◆ BRIEF ◆
Although the records contain pictures, only their text should be set down, exactly as written.

BEGIN

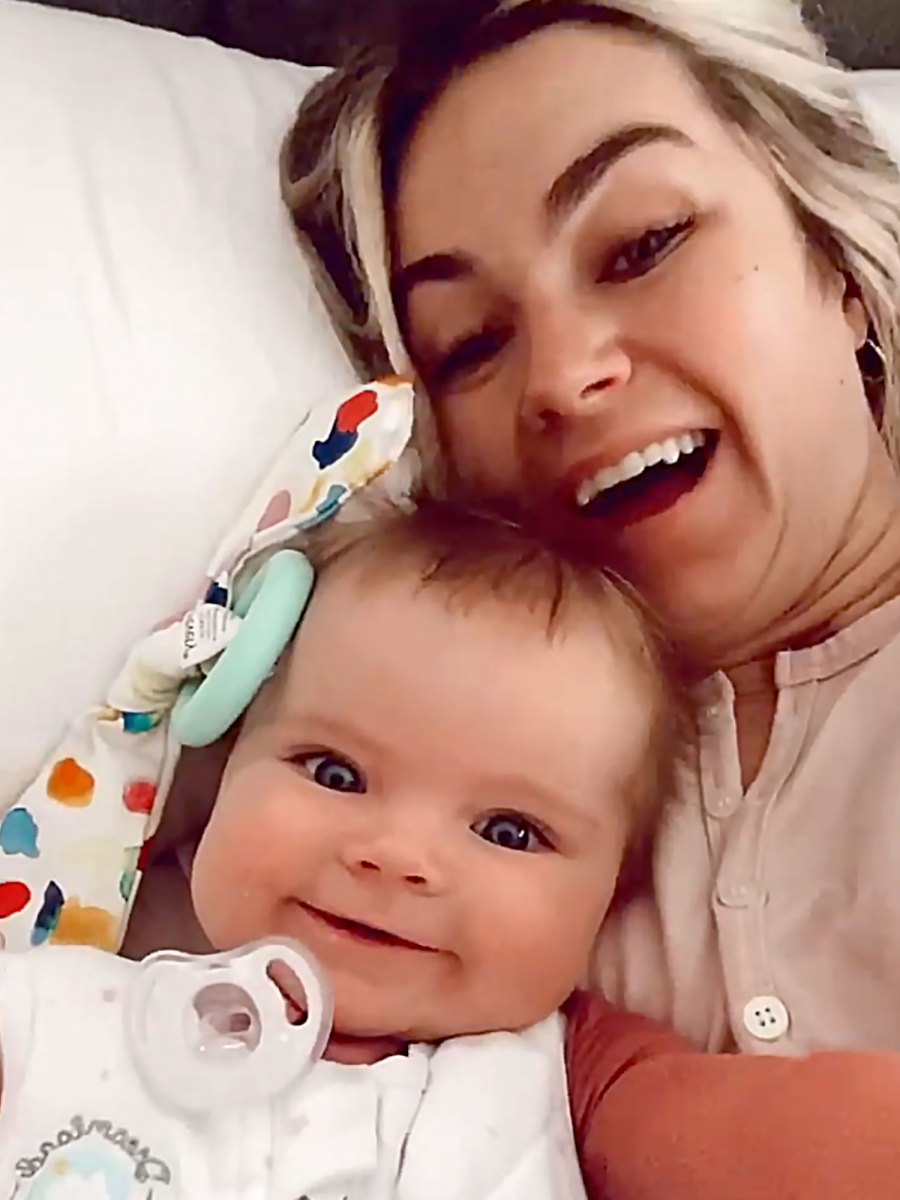 See How Lindsay Arnold More New Moms Celebrated Their 1st Mothers Day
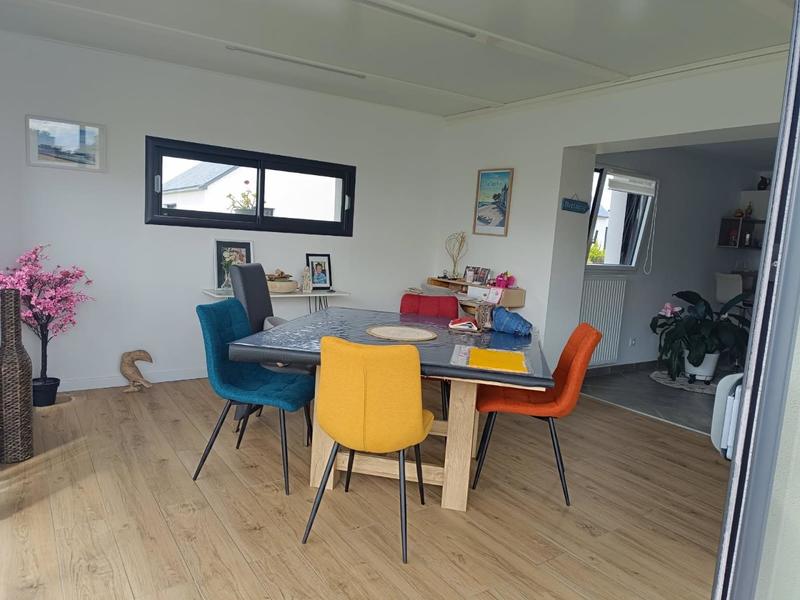 Maison - 122 m² - 6 pièces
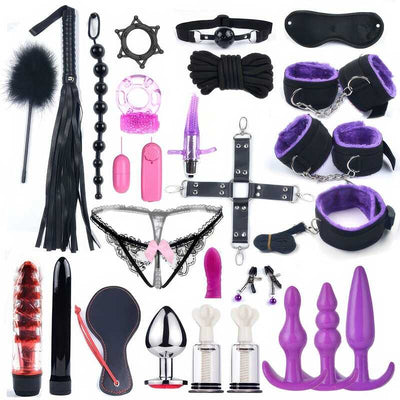 Kit BDSM Complet Violet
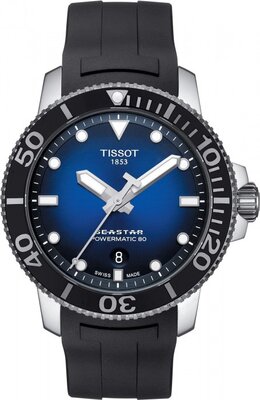 Tissot-Seastar 1000 Powermatic 80-T1204071704100-Kol Saati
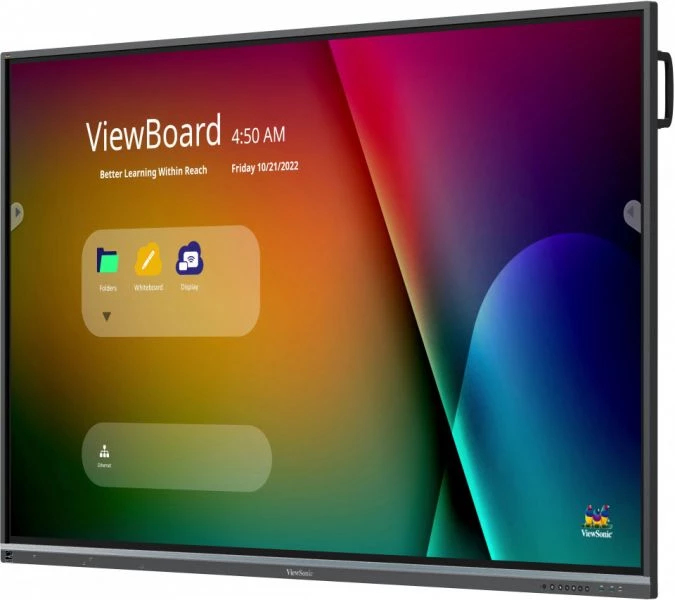 Viewsonic Monitor IFP8650-5F, 3840x2160, -86"-, Whiteboard faff4ed6aa1bf1aae16c4d6c0827aa7d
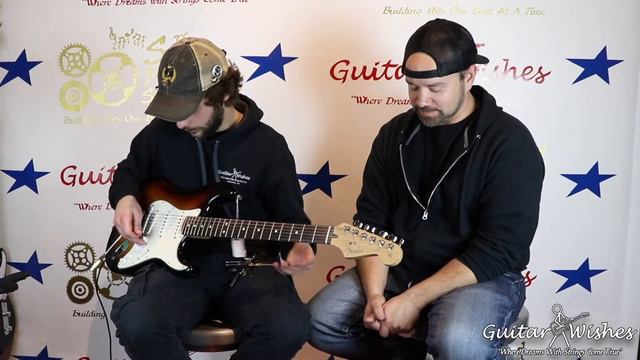 FENDER VG ROLAND STRATOCASTER смотреть онлайн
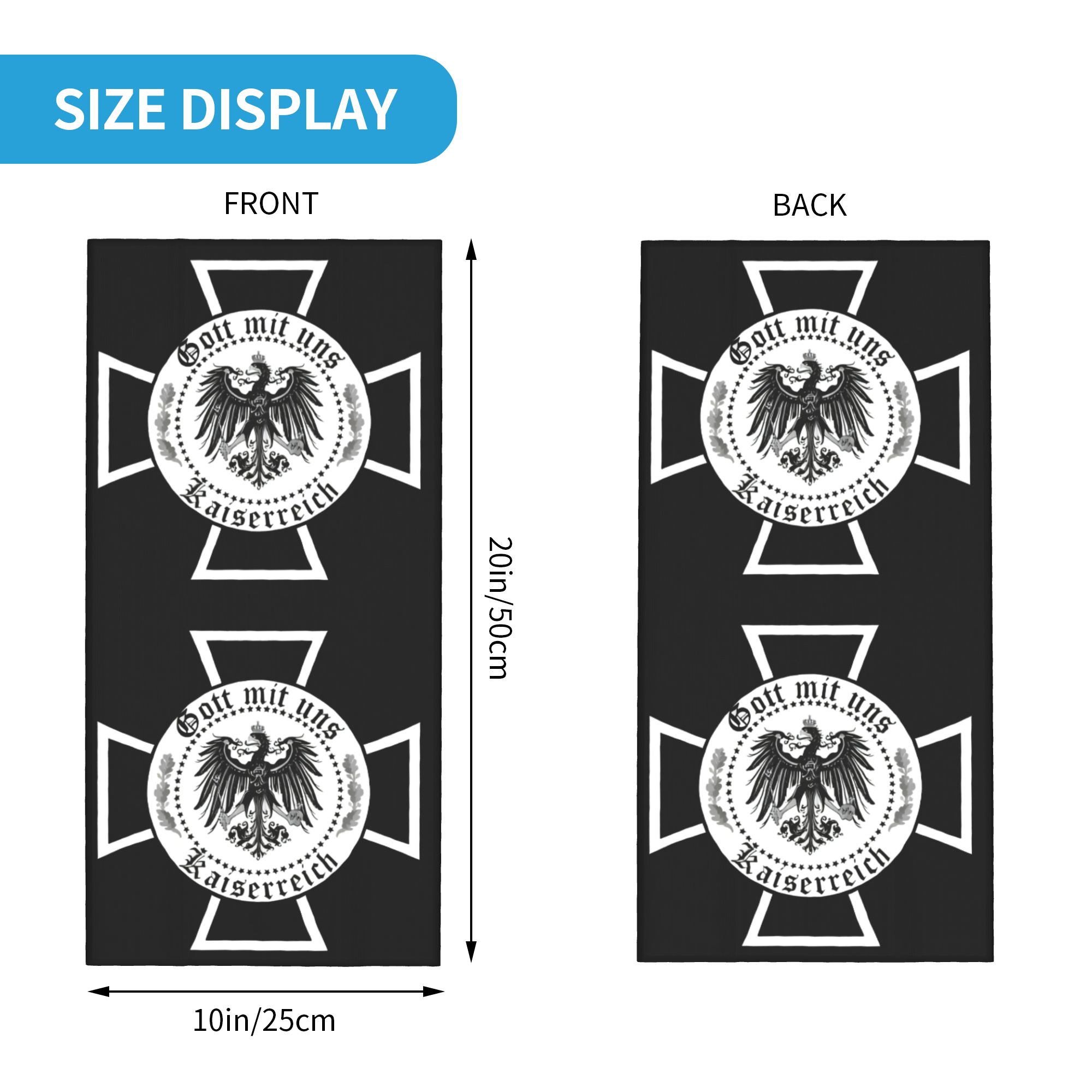 Custom German Empire Eagle Cro - Men'S Fashion Logo ulasan dan harga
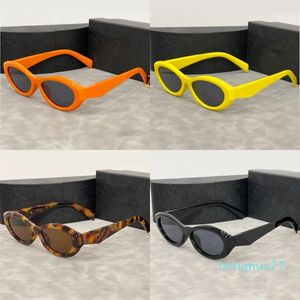 Vintage Cat Eye Men designer solglasögon symbole triangulära solglasögon för kvinnor utomhus strandglasögon män polariserade UV -skydd trendiga tillbehör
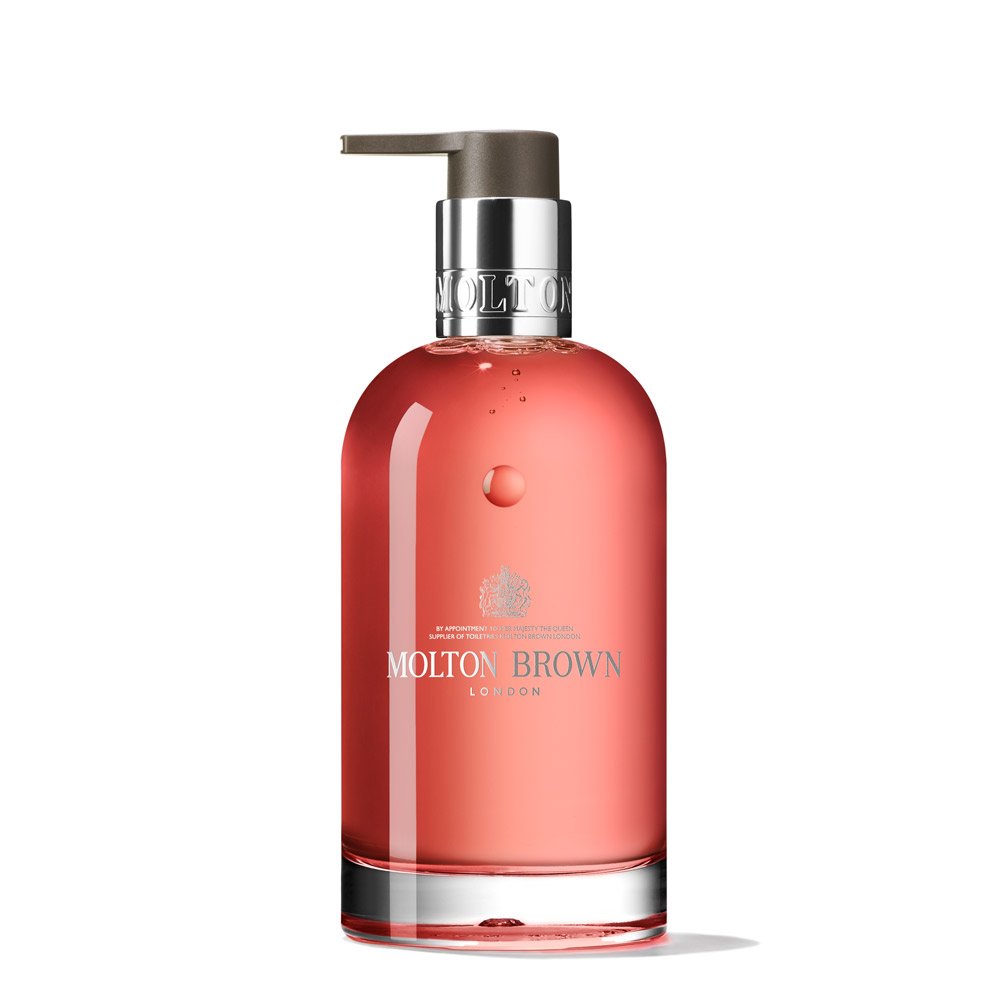 Molton Brown Heavenly Gingerlily Liquid Hand Wash Glass Bottle
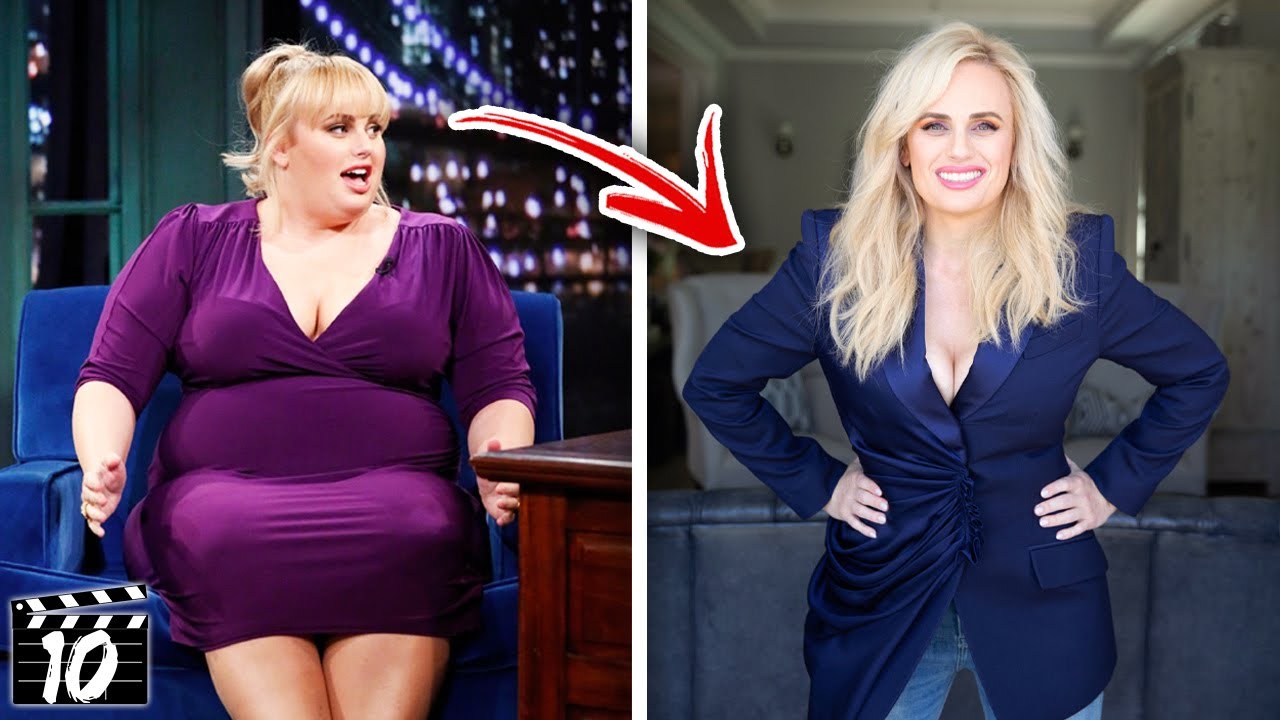 How Rebel Wilson Drastically Changed Her Looks - YouTube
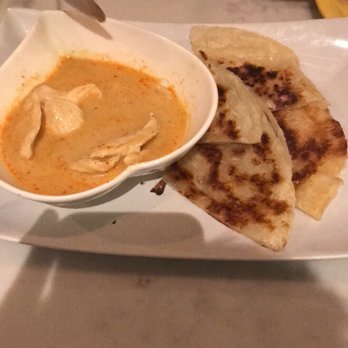 Kin'd - Thai Roti Curry (Chicken Massaman) - Thai Near Me - Fresh Meadows, New York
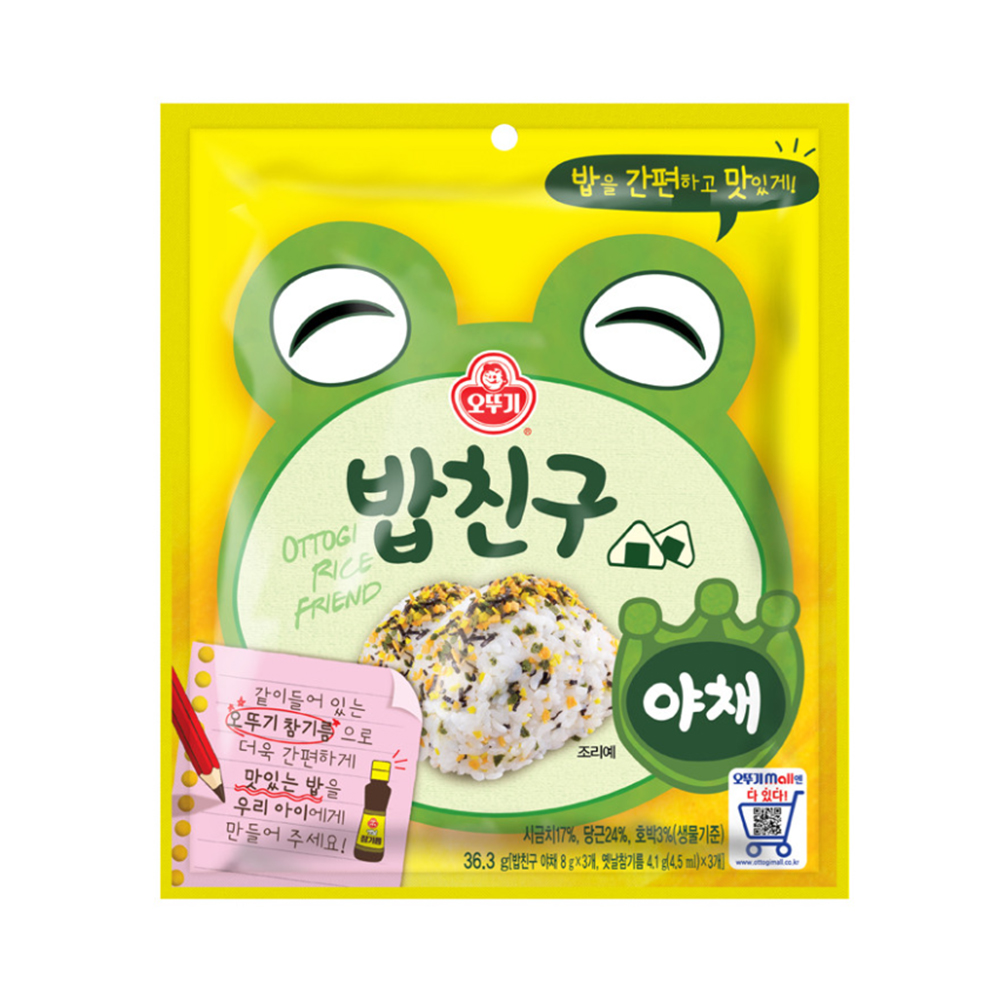 오뚜기 밥친구 야채 36.3g - 상품 이미지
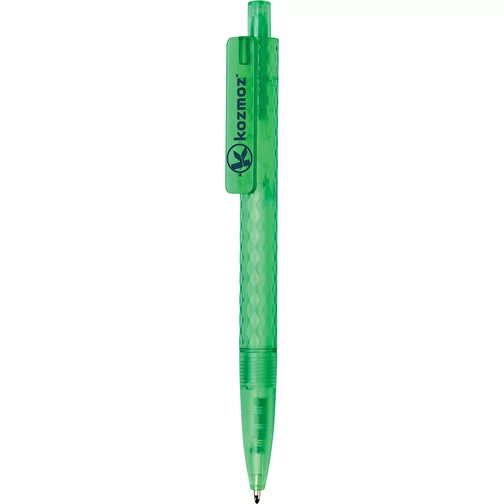 X3 Stylo Frosted en PC recyclé GRS, vert, Image 4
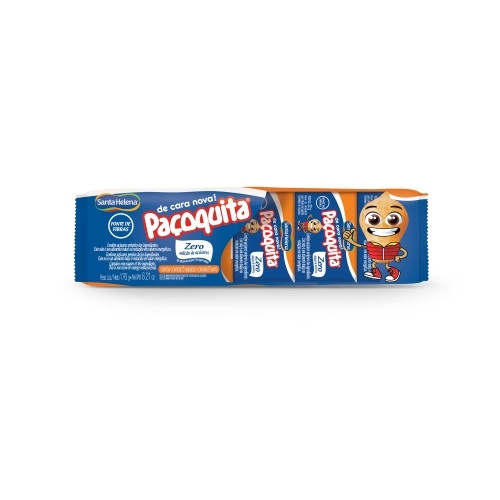 Detalhes do produto Pacoca Pacoquita Diet Quad Embr Dp 8X18G Amendoim
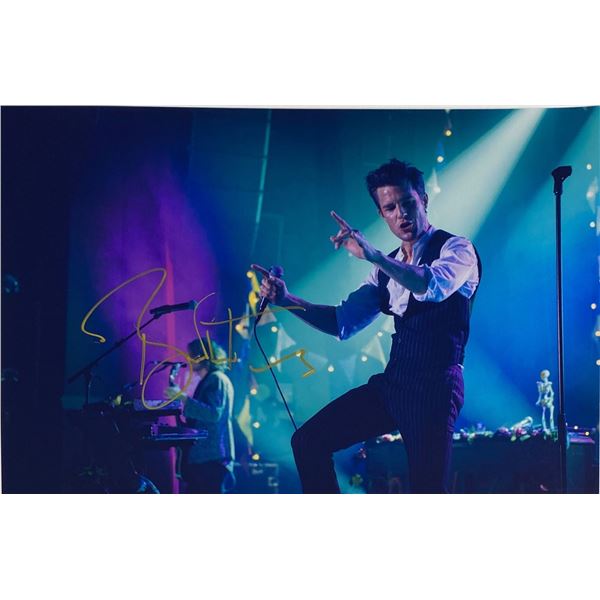 Autograph Signed  The Killers Photo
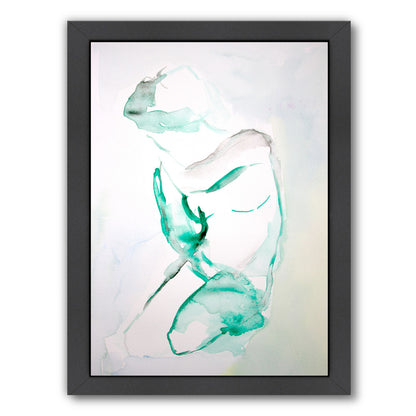 Nude I by Hope Bainbridge - Black Framed Print - Wall Art - Americanflat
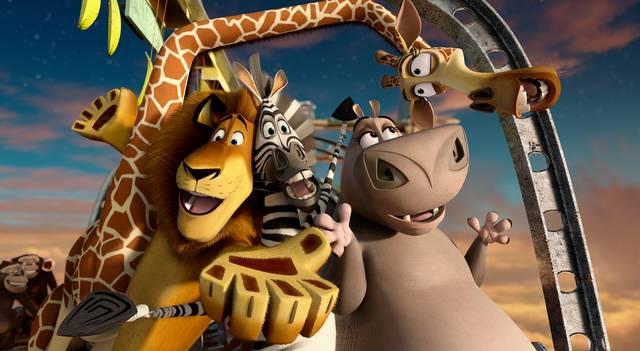 Madagascar 3, i protagonisti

END

◆ TASK ANSWER ◆
 See How Lindsay Arnold More New Moms Celebrated Their 1st Mothers Day
 Maison - 122 m² - 6 pièces
 Kit BDSM Complet Violet
 Tissot-Seastar 1000 Powermatic 80-T1204071704100-Kol Saati
 Viewsonic Monitor IFP8650-5F, 3840x2160, -86"-, Whiteboard faff4ed6aa1bf1aae16c4d6c0827aa7d
 FENDER VG ROLAND STRATOCASTER смотреть онлайн
 Custom German Empire Eagle Cro - Men'S Fashion Logo ulasan dan harga
 Vintage Cat Eye Men designer solglasögon symbole triangulära solglasögon för kvinnor utomhus strandglasögon män polariserade UV -skydd trendiga tillbehör
 Molton Brown Heavenly Gingerlily Liquid Hand Wash Glass Bottle
 How Rebel Wilson Drastically Changed Her Looks - YouTube
 Kin'd - Thai Roti Curry (Chicken Massaman) - Thai Near Me - Fresh Meadows, New York
 오뚜기 밥친구 야채 36.3g - 상품 이미지
 X3 Stylo Frosted en PC recyclé GRS, vert, Image 4
 Detalhes do produto Pacoca Pacoquita Diet Quad Embr Dp 8X18G Amendoim
 Autograph Signed  The Killers Photo
 Nude I by Hope Bainbridge - Black Framed Print - Wall Art - Americanflat
 Madagascar 3, i protagonisti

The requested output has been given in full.